▸ **ABOUT THIS TASK**
Return exactly the lines that run from the one containing "Real Madrid Aurelien" to the end of the entries, with both ends included.

Web page caption snippets
::::::::::

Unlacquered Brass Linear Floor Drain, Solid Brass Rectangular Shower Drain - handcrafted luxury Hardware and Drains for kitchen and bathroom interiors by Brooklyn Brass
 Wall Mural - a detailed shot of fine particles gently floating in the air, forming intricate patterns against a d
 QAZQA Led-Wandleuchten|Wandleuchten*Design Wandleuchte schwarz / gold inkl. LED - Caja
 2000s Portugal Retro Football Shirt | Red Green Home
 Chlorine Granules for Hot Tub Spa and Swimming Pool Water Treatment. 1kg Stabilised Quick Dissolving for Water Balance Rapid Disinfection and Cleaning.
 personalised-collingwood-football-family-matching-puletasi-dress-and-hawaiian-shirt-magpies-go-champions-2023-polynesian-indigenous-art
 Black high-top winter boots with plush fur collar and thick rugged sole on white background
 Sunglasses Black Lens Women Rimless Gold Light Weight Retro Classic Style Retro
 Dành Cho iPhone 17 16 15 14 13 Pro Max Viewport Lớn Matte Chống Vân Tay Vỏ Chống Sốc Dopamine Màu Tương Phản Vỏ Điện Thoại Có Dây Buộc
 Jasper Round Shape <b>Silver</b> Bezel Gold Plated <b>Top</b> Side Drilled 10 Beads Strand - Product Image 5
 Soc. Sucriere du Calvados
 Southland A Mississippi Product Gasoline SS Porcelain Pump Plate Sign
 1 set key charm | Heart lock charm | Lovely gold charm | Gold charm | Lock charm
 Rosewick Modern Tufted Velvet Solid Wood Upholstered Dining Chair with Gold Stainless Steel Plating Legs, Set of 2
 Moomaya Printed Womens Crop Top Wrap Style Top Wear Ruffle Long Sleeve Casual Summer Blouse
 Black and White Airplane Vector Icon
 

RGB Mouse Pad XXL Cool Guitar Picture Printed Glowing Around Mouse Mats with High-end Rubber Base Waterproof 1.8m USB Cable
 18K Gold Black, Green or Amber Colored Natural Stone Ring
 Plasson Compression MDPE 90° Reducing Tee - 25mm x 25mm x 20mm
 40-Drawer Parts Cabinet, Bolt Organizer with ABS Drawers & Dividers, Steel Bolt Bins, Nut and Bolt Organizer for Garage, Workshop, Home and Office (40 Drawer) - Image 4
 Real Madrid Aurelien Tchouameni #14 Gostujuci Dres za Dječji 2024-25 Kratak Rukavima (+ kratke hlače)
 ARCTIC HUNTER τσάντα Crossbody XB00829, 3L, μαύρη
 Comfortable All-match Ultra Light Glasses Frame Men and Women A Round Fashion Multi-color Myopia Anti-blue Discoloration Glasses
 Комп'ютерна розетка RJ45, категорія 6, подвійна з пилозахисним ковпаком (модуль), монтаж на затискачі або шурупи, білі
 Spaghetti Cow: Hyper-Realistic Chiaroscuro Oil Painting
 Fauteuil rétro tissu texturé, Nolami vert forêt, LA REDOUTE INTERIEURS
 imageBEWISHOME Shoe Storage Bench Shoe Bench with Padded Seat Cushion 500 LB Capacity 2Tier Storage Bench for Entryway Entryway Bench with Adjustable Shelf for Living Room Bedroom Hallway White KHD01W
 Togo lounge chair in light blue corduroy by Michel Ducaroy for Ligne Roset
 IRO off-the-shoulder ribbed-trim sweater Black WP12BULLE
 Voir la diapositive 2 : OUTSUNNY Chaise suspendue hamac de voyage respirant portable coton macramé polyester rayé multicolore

::::::::::

▸ **RESPONSE FOR THIS EXERCISE**
 Real Madrid Aurelien Tchouameni #14 Gostujuci Dres za Dječji 2024-25 Kratak Rukavima (+ kratke hlače)
 ARCTIC HUNTER τσάντα Crossbody XB00829, 3L, μαύρη
 Comfortable All-match Ultra Light Glasses Frame Men and Women A Round Fashion Multi-color Myopia Anti-blue Discoloration Glasses
 Комп'ютерна розетка RJ45, категорія 6, подвійна з пилозахисним ковпаком (модуль), монтаж на затискачі або шурупи, білі
 Spaghetti Cow: Hyper-Realistic Chiaroscuro Oil Painting
 Fauteuil rétro tissu texturé, Nolami vert forêt, LA REDOUTE INTERIEURS
 imageBEWISHOME Shoe Storage Bench Shoe Bench with Padded Seat Cushion 500 LB Capacity 2Tier Storage Bench for Entryway Entryway Bench with Adjustable Shelf for Living Room Bedroom Hallway White KHD01W
 Togo lounge chair in light blue corduroy by Michel Ducaroy for Ligne Roset
 IRO off-the-shoulder ribbed-trim sweater Black WP12BULLE
 Voir la diapositive 2 : OUTSUNNY Chaise suspendue hamac de voyage respirant portable coton macramé polyester rayé multicolore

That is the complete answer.